Tenuous truce

Published : Jul 06, 2002 00:00 IST

The People's War Group in Andhra Pradesh has agreed to hold direct talks with the State government, but the killing of two women naxalites in Khammam district is likely to throw a spanner in the works.

BELYING scepticism about the preliminary talks held between the Andhra Pradesh government and the Communist Party of India (Marxist-Leninist), People's War Group (PWG), the latter has agreed to send its underground leaders to hold direct talks by July 20.

But the surprise offer came with a rider. The ultra-Left party wanted the government to stop anti-naxalite operations and create an atmosphere that is conducive to talks. "If not, we will continue to participate in talks while taking necessary strides in the war of self-defence," a PWG note submitted to the government asserted.

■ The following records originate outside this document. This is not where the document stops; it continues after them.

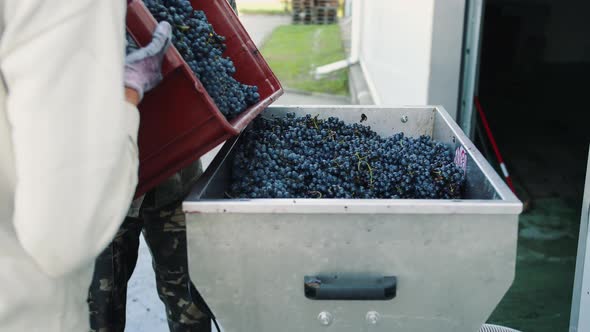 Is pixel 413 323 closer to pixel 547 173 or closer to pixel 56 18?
pixel 56 18

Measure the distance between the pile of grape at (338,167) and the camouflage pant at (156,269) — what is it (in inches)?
15.6

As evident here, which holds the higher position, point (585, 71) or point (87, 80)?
point (87, 80)

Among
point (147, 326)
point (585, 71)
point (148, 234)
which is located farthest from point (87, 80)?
point (585, 71)

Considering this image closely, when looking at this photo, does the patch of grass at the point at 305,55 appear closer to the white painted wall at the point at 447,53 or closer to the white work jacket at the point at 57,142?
the white painted wall at the point at 447,53

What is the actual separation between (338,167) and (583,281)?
980mm

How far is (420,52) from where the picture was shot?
3.76 metres

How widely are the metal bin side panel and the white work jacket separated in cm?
32

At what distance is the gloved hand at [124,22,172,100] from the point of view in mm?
1122

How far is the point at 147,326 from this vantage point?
2.83 m

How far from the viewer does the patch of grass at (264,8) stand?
734 inches

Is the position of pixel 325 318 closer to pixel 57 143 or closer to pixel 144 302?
pixel 57 143

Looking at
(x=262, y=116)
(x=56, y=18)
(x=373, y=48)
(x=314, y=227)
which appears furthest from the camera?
(x=373, y=48)

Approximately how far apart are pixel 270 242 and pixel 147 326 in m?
1.76

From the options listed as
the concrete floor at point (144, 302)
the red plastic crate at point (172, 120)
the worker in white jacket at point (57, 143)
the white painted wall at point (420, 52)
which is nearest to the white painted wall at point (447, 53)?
the white painted wall at point (420, 52) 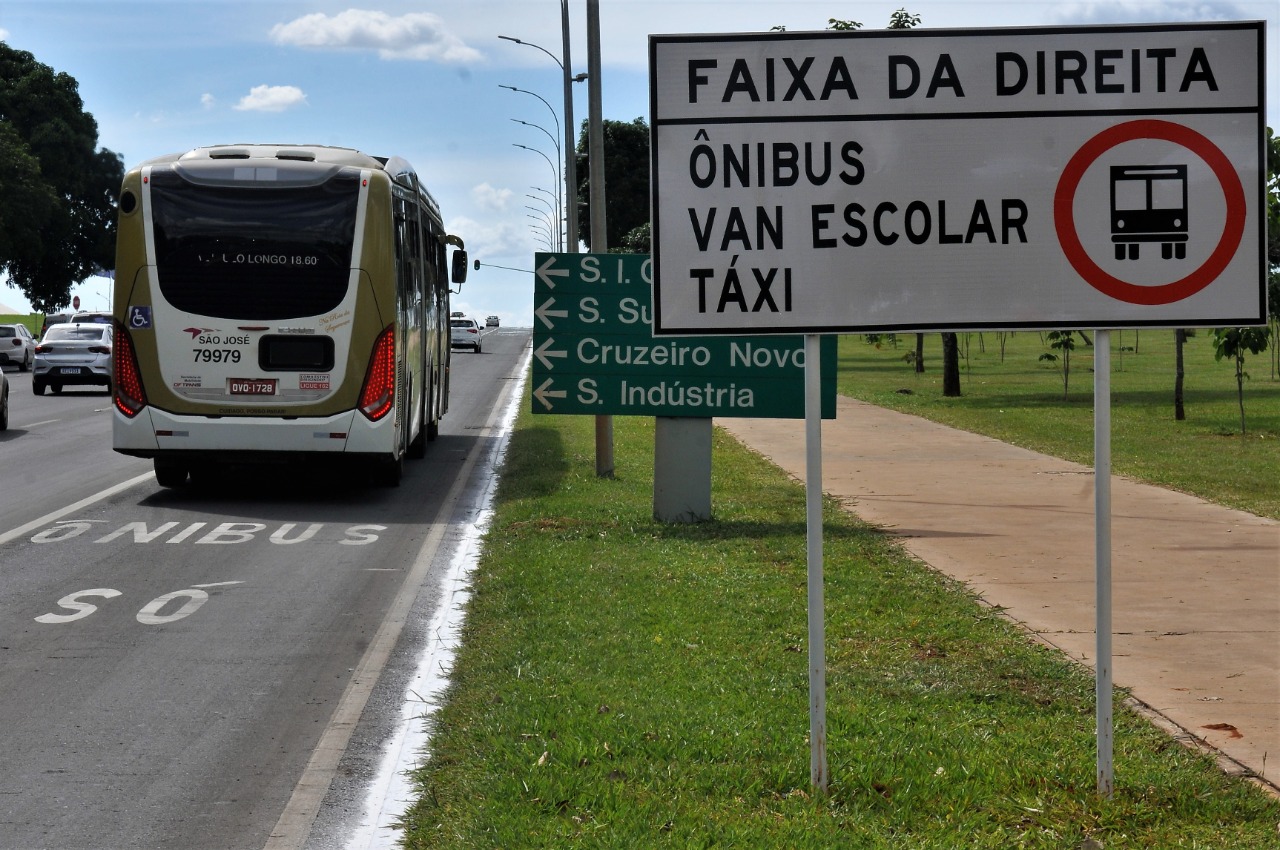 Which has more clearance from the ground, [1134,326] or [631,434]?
[1134,326]

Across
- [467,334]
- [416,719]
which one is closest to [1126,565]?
[416,719]

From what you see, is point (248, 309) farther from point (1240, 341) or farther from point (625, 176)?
point (625, 176)

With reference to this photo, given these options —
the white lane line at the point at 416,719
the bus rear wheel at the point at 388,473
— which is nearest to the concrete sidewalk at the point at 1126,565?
the white lane line at the point at 416,719

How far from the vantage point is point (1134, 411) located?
2938cm

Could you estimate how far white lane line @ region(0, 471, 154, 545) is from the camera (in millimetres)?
12654

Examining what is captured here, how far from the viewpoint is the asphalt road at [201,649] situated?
5770 mm

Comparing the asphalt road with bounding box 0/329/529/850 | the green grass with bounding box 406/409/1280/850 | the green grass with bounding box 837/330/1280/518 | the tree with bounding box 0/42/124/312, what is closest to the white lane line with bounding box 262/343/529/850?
the asphalt road with bounding box 0/329/529/850

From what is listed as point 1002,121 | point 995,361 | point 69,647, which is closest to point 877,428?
point 69,647

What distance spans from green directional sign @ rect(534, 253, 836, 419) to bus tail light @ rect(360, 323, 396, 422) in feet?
6.99

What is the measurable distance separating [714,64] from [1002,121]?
1069 millimetres

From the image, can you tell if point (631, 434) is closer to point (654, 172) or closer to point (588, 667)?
point (588, 667)

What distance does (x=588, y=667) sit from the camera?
7.51 meters

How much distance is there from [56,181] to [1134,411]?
54.7 metres

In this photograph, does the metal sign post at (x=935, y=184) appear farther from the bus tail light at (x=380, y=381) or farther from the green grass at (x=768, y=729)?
the bus tail light at (x=380, y=381) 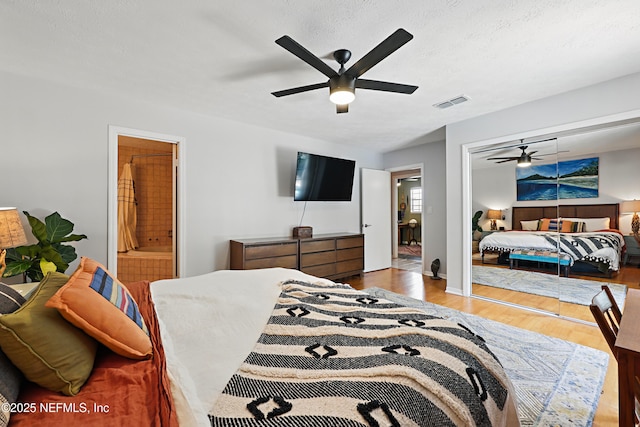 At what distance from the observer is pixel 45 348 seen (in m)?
0.85

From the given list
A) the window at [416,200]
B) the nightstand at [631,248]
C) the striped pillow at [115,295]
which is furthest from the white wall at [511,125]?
the window at [416,200]

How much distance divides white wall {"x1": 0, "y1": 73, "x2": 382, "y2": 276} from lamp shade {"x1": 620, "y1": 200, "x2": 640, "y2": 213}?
3.58 metres

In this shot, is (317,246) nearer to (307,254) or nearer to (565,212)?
(307,254)

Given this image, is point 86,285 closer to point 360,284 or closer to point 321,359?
point 321,359

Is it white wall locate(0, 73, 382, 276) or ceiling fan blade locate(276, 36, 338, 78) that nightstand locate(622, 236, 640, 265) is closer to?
ceiling fan blade locate(276, 36, 338, 78)

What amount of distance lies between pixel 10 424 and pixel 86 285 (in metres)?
0.46

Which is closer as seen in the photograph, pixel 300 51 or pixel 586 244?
pixel 300 51

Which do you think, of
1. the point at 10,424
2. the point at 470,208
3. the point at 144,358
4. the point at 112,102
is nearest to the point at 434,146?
the point at 470,208

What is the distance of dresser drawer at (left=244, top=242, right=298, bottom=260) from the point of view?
12.1ft

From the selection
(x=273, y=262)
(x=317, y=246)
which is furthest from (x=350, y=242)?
(x=273, y=262)

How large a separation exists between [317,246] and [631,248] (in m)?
3.42

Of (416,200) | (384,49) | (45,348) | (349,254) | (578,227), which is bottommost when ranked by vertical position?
(349,254)

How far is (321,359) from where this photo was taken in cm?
105

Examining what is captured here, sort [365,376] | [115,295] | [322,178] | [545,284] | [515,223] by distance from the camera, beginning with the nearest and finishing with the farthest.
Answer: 1. [365,376]
2. [115,295]
3. [545,284]
4. [515,223]
5. [322,178] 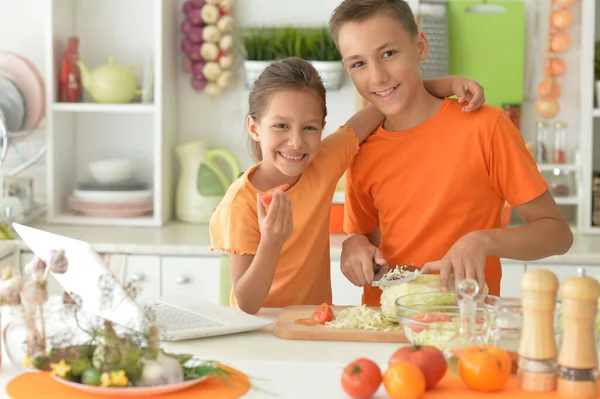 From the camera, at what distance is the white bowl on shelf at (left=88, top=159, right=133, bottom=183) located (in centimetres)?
352

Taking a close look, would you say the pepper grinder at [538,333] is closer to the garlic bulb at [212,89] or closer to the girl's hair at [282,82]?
the girl's hair at [282,82]

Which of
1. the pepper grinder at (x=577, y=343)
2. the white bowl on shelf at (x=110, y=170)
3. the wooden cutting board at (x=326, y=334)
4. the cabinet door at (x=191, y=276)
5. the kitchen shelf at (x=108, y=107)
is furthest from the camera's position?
the white bowl on shelf at (x=110, y=170)

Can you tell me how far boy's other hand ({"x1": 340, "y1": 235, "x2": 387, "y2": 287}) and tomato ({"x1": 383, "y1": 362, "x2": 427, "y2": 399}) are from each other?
66 cm

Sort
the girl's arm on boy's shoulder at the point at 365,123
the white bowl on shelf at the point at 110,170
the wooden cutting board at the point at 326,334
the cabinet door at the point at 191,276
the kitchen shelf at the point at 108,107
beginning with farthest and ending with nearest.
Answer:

On June 20, the third round of talks between Ministers K. Vijayarama Rao and T. Sitaram and the PWG emissaries P. Varavara Rao and Gaddar went on for more than two and a half hours. If the government was satisfied that the PWG had come down a step by showing willingness to come for direct talks, the naxalite party too had something to claim as a victory. The government had let the PWG representatives, who carry reward amounts on their heads, free passage to the negotiations.

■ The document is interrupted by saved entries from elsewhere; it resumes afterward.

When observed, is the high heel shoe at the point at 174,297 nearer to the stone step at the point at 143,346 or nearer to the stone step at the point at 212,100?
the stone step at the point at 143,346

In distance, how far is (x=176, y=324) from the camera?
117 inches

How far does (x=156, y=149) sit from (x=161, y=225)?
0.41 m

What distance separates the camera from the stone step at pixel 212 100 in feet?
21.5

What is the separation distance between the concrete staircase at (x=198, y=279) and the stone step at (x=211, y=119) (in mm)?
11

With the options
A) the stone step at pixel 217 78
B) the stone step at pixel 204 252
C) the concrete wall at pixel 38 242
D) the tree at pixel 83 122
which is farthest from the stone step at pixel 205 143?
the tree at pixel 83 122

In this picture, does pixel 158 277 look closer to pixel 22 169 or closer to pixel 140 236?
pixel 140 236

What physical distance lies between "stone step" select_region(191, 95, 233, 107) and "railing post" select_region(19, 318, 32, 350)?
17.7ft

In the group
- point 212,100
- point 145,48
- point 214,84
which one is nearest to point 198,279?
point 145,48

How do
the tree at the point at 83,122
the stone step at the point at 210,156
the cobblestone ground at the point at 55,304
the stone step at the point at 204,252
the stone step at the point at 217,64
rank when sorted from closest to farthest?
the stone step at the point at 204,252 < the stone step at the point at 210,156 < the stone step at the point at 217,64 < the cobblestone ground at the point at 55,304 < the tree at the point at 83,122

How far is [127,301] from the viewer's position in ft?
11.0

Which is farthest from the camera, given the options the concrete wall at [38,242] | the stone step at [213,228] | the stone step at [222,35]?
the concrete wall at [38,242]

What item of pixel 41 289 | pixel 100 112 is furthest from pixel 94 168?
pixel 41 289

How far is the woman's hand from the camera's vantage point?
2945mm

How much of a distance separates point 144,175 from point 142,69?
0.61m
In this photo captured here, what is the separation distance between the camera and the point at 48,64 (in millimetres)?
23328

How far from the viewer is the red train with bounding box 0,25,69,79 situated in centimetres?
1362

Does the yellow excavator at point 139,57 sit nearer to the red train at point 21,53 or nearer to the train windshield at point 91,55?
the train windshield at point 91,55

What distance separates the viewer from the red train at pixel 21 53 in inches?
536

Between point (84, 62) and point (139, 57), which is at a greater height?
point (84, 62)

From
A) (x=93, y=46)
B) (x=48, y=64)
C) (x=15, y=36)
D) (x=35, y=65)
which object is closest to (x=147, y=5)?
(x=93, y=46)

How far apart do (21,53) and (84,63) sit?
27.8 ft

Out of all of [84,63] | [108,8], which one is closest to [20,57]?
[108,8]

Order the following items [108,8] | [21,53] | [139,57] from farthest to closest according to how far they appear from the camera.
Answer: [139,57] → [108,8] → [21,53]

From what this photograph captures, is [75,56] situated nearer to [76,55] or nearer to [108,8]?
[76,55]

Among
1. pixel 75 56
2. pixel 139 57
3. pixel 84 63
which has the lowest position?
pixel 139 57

Although the two sides seem to have arrived at a possible consensus on the fringe issues, they appear to be moving in a sphere that manifestly lacks negotiating space. While the PWG made it abundantly clear that giving up armed struggle cannot be a part of the agenda to be discussed, the government too asserted that in a democratic society armed struggle was not acceptable as part of a political philosophy or struggle. The government asserted that it will not allow the PWG to take advantage of the government's sincerity to hold talks and indulge in "unlawful activities". The carefully worded statement issued by the Chief Minister's Office a day after the third round of talks was intended to clear the popular perception that the two Ministers were not successful in stating emphatically the government's intentions.

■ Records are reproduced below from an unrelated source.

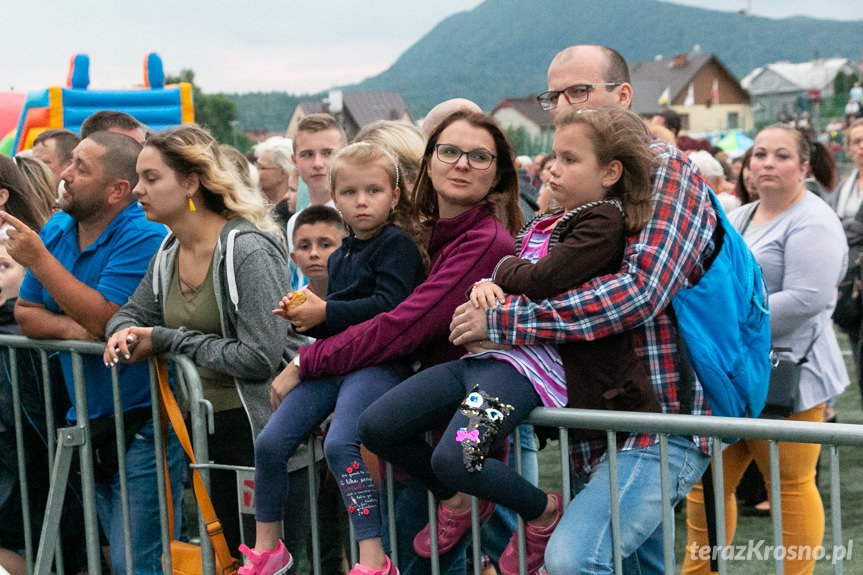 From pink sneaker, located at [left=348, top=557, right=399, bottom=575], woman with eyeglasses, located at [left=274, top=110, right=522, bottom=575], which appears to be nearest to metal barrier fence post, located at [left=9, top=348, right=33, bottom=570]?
woman with eyeglasses, located at [left=274, top=110, right=522, bottom=575]

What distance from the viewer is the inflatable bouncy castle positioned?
11.3m

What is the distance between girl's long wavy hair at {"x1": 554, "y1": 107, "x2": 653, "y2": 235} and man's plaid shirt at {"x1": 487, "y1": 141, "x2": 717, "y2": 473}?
0.04 metres

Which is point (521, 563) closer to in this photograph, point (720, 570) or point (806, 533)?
point (720, 570)

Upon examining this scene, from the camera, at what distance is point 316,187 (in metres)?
5.05

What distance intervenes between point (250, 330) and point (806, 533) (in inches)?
93.0

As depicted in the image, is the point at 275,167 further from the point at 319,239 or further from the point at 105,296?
the point at 105,296

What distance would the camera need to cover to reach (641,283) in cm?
249

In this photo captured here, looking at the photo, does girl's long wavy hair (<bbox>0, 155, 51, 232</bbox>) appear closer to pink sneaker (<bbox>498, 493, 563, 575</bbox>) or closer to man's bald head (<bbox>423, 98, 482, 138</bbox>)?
man's bald head (<bbox>423, 98, 482, 138</bbox>)

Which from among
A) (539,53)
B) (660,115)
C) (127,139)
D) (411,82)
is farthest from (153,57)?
(539,53)

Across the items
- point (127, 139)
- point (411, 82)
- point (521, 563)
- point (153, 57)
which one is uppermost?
point (411, 82)

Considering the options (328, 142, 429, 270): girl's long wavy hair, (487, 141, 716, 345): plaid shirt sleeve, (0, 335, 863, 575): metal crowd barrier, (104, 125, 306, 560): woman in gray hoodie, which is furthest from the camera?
(104, 125, 306, 560): woman in gray hoodie

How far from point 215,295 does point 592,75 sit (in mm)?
1521

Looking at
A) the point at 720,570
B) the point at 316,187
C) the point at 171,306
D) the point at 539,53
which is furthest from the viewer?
the point at 539,53

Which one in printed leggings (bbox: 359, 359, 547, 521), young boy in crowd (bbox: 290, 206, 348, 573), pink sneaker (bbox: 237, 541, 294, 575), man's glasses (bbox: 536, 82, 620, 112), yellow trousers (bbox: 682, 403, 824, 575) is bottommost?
yellow trousers (bbox: 682, 403, 824, 575) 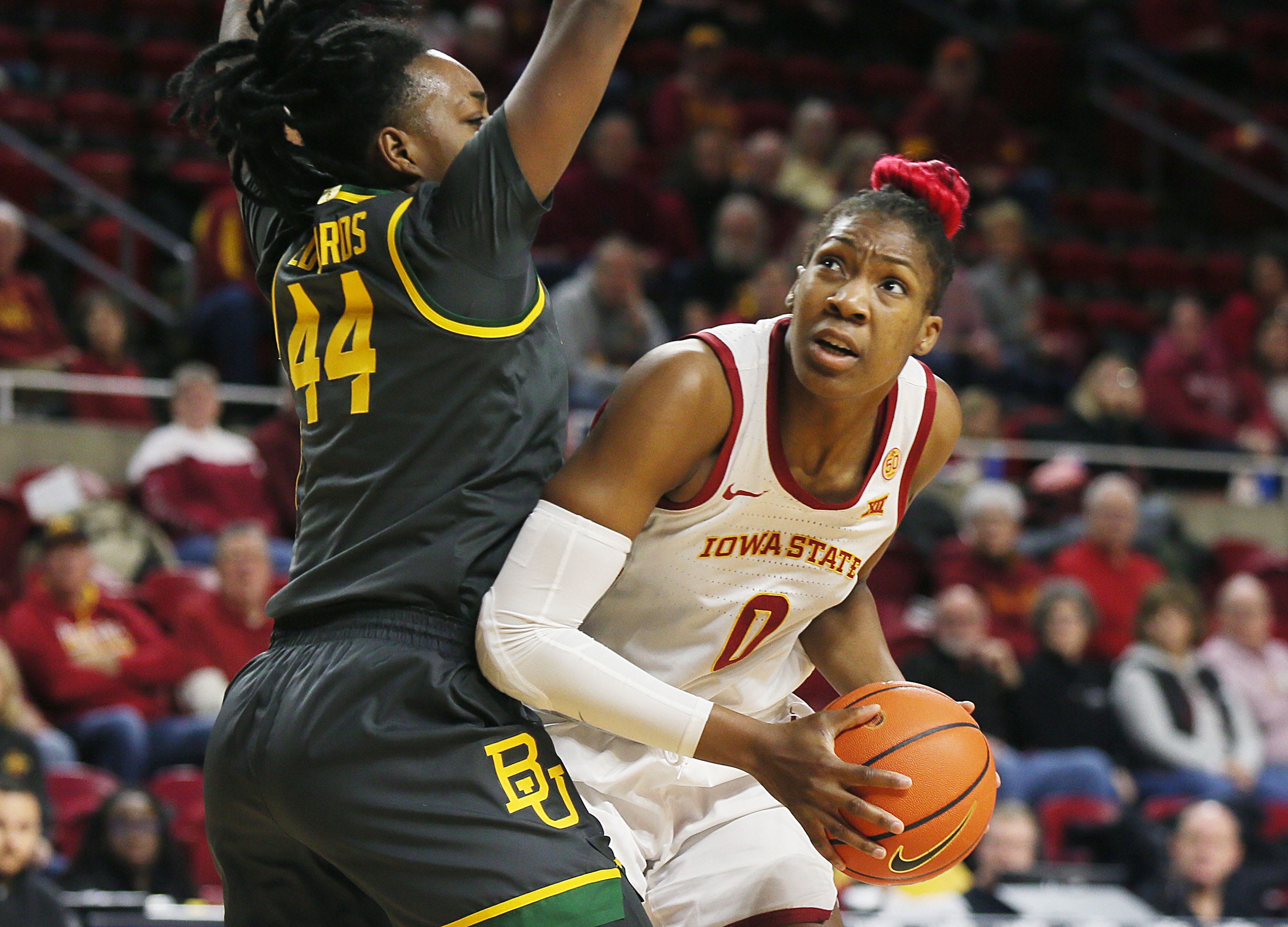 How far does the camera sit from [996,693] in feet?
21.3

The preliminary rounds, which were held ostensibly to prepare the modalities for direct negotiations, appear to have led to some prejudice and some sort of resentment among the negotiating parties. Both sides now accuse each other of being disinclined to finding a durable solution. And in this backdrop came the killing of two women naxalites in Khammam district in an exchange of fire with the police on June 24.

Already both sides have made known their displeasure against each other. While the PWG accused the government of continuing the combing operations and of carrying out extra-judicial killings, the police have gone on record alleging that PWG cadres were organising meetings forcibly and resorting to extortion. But both sides realise that jettisoning the peace process would result in loss of credibility. In effect, they find themselves in a situation where one party's gain entails the other's loss.

In this background, a debate is on the cards as to what could be the framework for the negotiations. Will the framework be aimed at a final agreement. If so, what impact will it have in neighbouring States such as Maharashtra, Orissa, Chattisgarh and Karnataka, where the PWG has a strong presence? Answers to these questions are anyone's guess. What is clear now is that each side appears to be taking a maximalist stand that projects any kind of concession during the direct talks as a failure.

In short, the possibility of a situation where both sides can claim to be in a win-win situation is very remote, and the spectre of open hostilities breaking out again continues to loom large. However, the ongoing exercise has had a welcome outcome: during the last 40 days or so, there has been a respite from the violence, and for this both sides are trying to take credit. But the latest exchange of fire in Khammam district could well lead to a resumption of hostilities.


THE Andhra Pradesh government took the initiative and circulated a list of issues that it wanted to discuss with the People's War Group leaders who are expected to attend the talks.

The following are the points that have been listed in a note titled "Objectives and related issues" (for discussion), given to the PWG representatives who attended the preliminary round of the talks.

1. To uphold the rule of law. The State is responsible for enforcing law wherever its violation occurs. Law enforcement agencies have to function within the framework of law. When they violate the law, there should be an impartial inquiry and punishment to those found guilty.

2. Protection of the lives and properties of all sections of people. People's right to voice their views and 'assemble peaceably without arms' should be fully protected. There should be no killings and destruction of properties.

3. Ensure social and economic justice. This inter alia consists of the elimination of social discrimination in all its forms, implementation of land reforms, land distribution and the future of Regulation of 1 of 70 in tribal areas, employment, particularly in rural areas, and government policies and programmes to end social discrimination in the villages and a review of existing laws relevant to the issues. The Directive Principles of State Policy are intended to achieve social and economic justice. The law, the practices and measures to that end are to be examined and enforced.

4. Restore peace and ensure development. Peaceful conditions should prevail in the State. Elected representatives, political leaders, workers and officials from the administration should be able to visit the villages and meet the people without any hindrance from any quarters. Development process must proceed unhindered.